Mubadalah.id – Saat ini, semakin banyak nama perempuan yang menghiasi panggung sejarah Nusantara. Beberapa yang sudah lama familiar di telinga kita, tentu ada Kartini, Cut Nyak Dien, Nyi Ageng Serang, Rahmah El Yunusiyyah, dan lainnya. Keadaan ini seakan membasahi dahaga her-storiography kita yang dahulu amat kering.
Maka, apakah kita sudah dapat menghentikan narasi menggiatkan penulisan sejarah perempuan sampai di sini, mengingat sudah semakin banyak nama perempuan yang menghiasi sejarah Nusantara?
Tentu, kalau kita benar-benar mengharapkan pembacaan sejarah perempuan Nusantara secara utuh, maka kita belum boleh berhenti, dan harus melanjutkan penelusuran terus-menerus. Banyak aspek dalam penulisan sejarah perempuan yang masih perlu didedahkan, agar sejarah kita tidak semata his-story, namun juga kaya her-story.
Penulisan sejarah perempuan Nusantara sendiri, sejauh ini, lebih banyak berkisah soal peranan perempuan di garis depan; sekitar kekuasaan, politik, dan peperangan. Nama-nama yang sudah banyak kita kenal, umumnya, adalah para perempuan yang berkiprah di garis depan. Sementara, sejarah perempuan di garis belakang belum banyak dilirik.
Resiko Ketidak-utuhan Sejarah Perempuan
Sebagaimana penjelasan Sartono Kartodirjo dalam Pendekatan Ilmu Sosial dalam Metodologi Sejarah, bahwa peristiwa-peristiwa seperti perang, diplomasi, dan kegiatan politik lainnya menarik perhatian sebagai peristiwa penting yang sangat memengaruhi jalannya sejarah.
Paradigma ini masih kuat terasa dalam penulisan sejarah Indonesia hingga saat ini. Bahkan, begitu amat mewarnai pandangan dasar tentang sejarah sebagai peristiwa penting yang terjadi pada masa lalu.
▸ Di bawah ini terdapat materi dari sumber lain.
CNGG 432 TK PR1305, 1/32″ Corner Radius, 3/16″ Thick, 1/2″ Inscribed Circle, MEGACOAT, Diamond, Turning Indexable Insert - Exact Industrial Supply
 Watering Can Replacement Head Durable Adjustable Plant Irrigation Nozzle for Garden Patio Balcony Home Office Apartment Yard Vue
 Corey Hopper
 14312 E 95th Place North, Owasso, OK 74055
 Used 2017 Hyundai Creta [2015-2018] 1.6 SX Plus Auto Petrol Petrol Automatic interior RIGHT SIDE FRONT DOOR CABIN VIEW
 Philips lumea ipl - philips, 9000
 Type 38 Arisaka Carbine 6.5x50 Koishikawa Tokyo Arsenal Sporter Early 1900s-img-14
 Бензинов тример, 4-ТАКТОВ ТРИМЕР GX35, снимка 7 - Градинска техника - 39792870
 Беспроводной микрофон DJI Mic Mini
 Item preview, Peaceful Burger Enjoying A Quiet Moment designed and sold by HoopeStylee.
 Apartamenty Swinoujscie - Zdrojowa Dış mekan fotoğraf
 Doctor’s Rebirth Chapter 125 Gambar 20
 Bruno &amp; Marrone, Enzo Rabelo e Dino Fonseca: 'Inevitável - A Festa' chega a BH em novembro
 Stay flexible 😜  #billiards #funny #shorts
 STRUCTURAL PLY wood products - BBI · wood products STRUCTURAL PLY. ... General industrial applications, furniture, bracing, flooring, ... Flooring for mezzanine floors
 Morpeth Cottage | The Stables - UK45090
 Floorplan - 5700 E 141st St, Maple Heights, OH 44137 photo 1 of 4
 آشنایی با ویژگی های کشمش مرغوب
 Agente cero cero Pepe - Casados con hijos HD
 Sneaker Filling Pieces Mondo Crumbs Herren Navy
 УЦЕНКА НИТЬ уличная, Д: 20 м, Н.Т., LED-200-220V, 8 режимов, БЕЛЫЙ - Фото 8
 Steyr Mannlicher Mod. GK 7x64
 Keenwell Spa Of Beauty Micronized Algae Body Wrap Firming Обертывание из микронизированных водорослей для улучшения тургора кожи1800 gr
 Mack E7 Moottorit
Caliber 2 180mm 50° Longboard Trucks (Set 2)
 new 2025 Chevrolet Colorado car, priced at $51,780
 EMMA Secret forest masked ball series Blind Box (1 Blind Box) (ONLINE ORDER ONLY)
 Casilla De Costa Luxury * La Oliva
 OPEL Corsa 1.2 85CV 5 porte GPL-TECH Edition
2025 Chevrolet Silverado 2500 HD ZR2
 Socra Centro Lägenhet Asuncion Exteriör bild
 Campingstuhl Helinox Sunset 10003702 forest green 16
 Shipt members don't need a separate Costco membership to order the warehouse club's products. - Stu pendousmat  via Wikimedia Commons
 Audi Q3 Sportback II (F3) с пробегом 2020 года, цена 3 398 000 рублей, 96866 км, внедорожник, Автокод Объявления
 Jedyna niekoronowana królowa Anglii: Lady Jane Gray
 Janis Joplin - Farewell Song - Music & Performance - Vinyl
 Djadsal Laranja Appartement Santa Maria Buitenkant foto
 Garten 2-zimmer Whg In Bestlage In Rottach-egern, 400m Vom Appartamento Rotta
Ini menyebabkan terjadinya bias kesejarahan. Di mana sering kali yang terpandang sebagai peristiwa penting itu seputar aktivitas garis depan; siapa yang maju ke medan perang. Atau siapa yang tampil sebagai penguasa, siapa yang memengaruhi jalannya politik, dan sebagainya. Yakni aktivitas yang lebih dianggap memengaruhi jalannya peradaban manusia.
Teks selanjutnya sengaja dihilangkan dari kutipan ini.